The Minarets of Cairo

The Minarets of Cairo

Islamic History and Archaeology

The Minarets of Cairo
Islamic Architecture from the Arab Conquest to the End of the Ottoman Period

Author(s): Doris Behrens-Abouseif

Reviewed by: Fozia Bora, Leicester, UK

 

Review

What can historical buildings tell us about the eras in which they were constructed, and subsequent vicissitudes? Do they offer encoded narratives revealing political and social history? Or do they add only details to the outlines preserved more substantially in textual sources? These are the questions thrown up by two recent books on medieval Islamic architecture, which demonstrate that a building is never just a building, and that medieval Islamic material culture is neglected by the modern historian at his or her peril.
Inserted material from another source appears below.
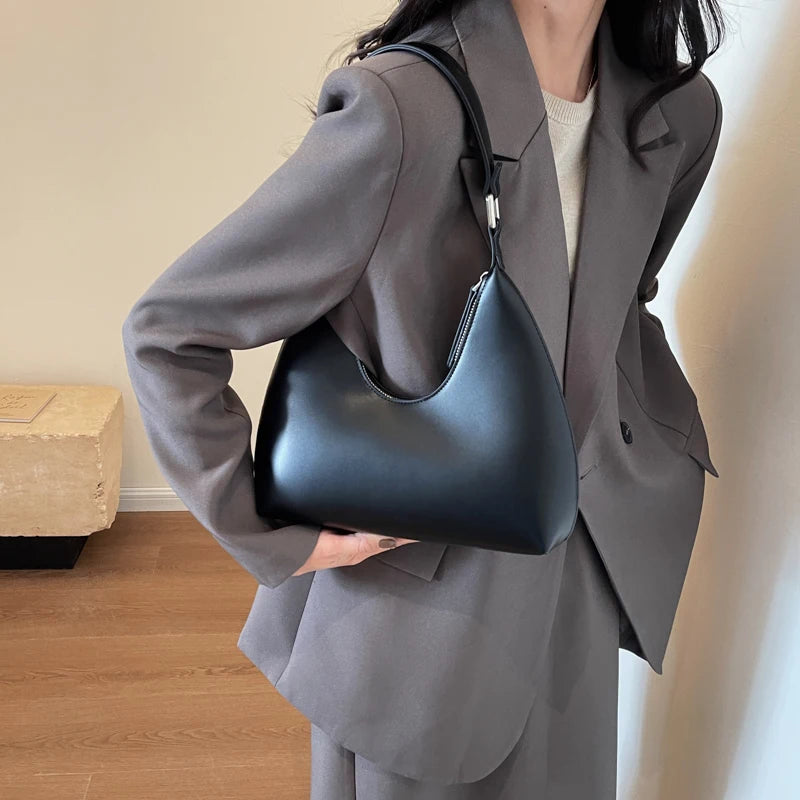 Minimalist Pure Color Polyurethane Leather Shoulder Bag for Women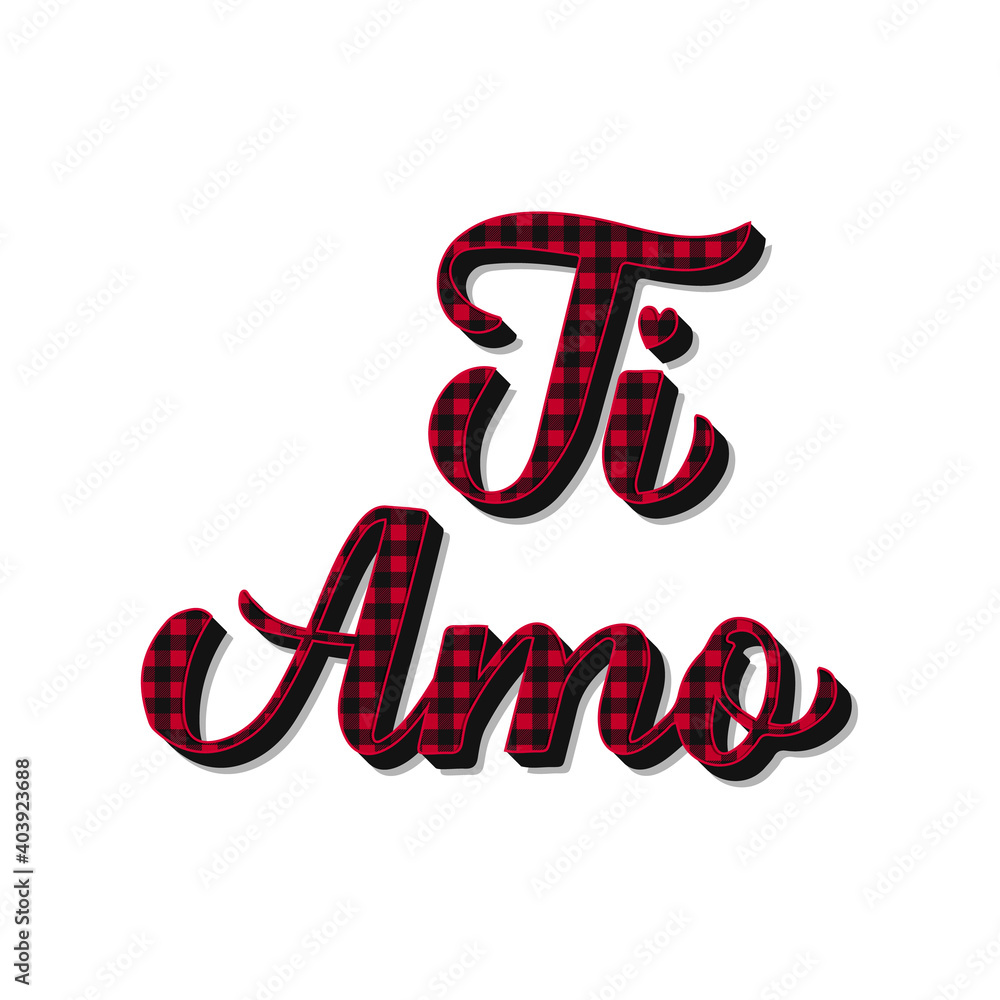 Ti Amo calligraphy hand lettering. Red buffalo pattern. I Love You in Italian. Valentines day typography poster. Vector template for banner, postcard, greeting card, t shirt, flyer, sticker, etc Ti Amo calligraphy hand lettering. Red buffalo pattern. I Love You in Italian. Valentines day typography poster. Vector template for banner, postcard, greeting card, t shirt, flyer, sticker, etc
Yet few modern historians of medieval Islam appear equally at home with architectural and textual witnesses to Islamic civilization. This dual expertise is what Nasser Rabbat brings to the table in a new selection of his writings on Mamluk architecture and history written over the sixteen-year period 1989–2005. As a professor of Islamic architecture for twenty years, one might expect his reflections on Mamluk material culture to be sophisticated and groundbreaking; yet his readings of textual and documentary sources are equally revealing and in some cases seminal. Texts and buildings both speak clearly to this historian, and this is one of the intriguing features of this collection, which explores, explicitly and implicitly, the correlation between the two types of ‘narrative’ or expression. Rabbat habitually exploits one type of medium to throw light on the other.